さらにキャンパス内を奥へと進んでいきます。
↑ すると現れるのがホセ・チャベス・モラドによる大作「La conquista de la energía」。
個人的にはUNAMにある壁画ではこれが一番好きです。
夜の暗闇を恐れていた原始時代の人間(左)が「火」の発見とともにその恐怖を克服し、やがて・・・
タイトルは直訳すると「エネルギーの支配」。
一見、神話や宗教的な世界のようにも見えて実は
革命や社会主義などの政治的メタファーだったりするのが
この時代のメキシコアートの面白いところでしょう。
岡本太郎の世界観にも通じる何かを感じてしまいます。
そういえば渋谷駅にある彼の壁画「明日の神話」はたしかメキシコで制作された作品だったような・・・
などと考えながら中庭の芝生を歩いていると
↑ その岡本太郎とも交流のあった画家シケイロスによる立体壁画
「民衆から大学へ、大学から民衆へ」がありました。
ディエゴ・リベラ、オロスコとともにメキシコ壁画運動を担った三大巨匠の一人であるシケイロス。
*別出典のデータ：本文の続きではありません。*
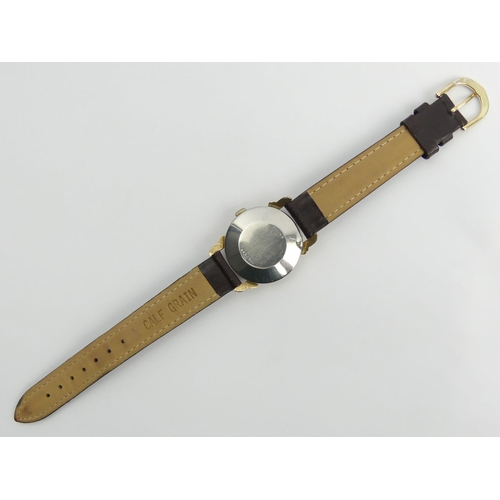 164 - Bulova self-winding gold plated gents watch on a leather strap, 32mm wide. UK Postage £12.
Condition... 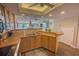 Kitchen with wooden cabinets, brown countertops, and views of the living area and balcony at 2255 N Beach Rd # 9, Englewood, FL 34223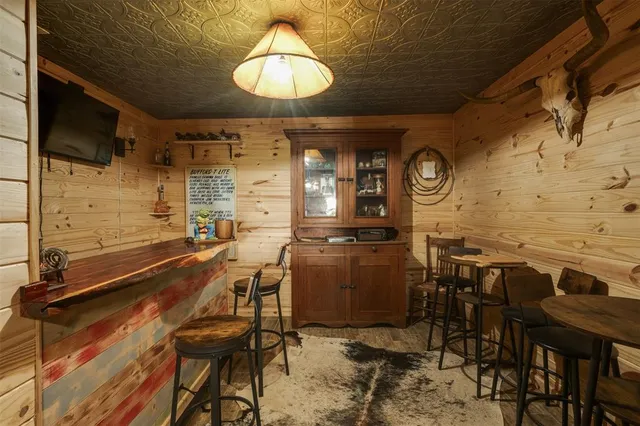 a view of a house with space porch and garden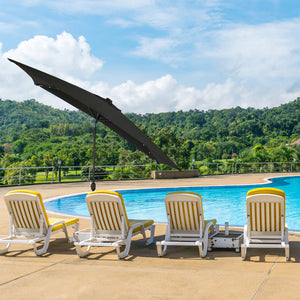Island Umbrella Nassau Rectangular Umbrella - black canopy tilted over poolside loungers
この作品も悪くないですが、彼が残した最高傑作を見たければメトロバスに乗って北上し、
↑ シケイロス・ポリフォルム内のホールの「人類の行進」を見に行きましょう。
はっきり言って圧巻です。
この作品を設置するときにたまたま居合わせていたという岡本太郎はこんな言葉を残しています。
「中に入ると、激しくダイナミックに構成されたシケイロスの宇宙。
うなりをあげているような凄まじさだ。圧倒される。
こうなると、もう、いい悪いを超えてる。
シケイロスの作品に賛成であろうがなかろうが、
とにかくそこに一つの宇宙があり、それがシケイロスなのだ」
↑ そして最後は中央図書館に描かれたフアン・オゴルマン作の超巨大壁画です。
この作品何がすごいかって
↑ 建物四面に全部壁画が描かれているのですよ。
世界最大の壁画らしいです。
というかもうここまで来ると「壁画」じゃないような気もしてきますが。
↑ 太陽と月、天使と悪魔、天動説と地動説・・・
相反する2つの要素が対になって描かれている構図は
壁画をはじめとしたメキシコ芸術に多く見られるような気がします。
他にも校舎を出て大通りを渡ったオリンピック・スタジアム正面入り口には
巨匠ディエゴ・リベラによる作品もあります。
また中央キャンパスからは少し離れますが、
大学敷地内には現代美術館や劇場、映画館など文化施設も多くあります。
そこにもぜひ寄ってみることをおススメします。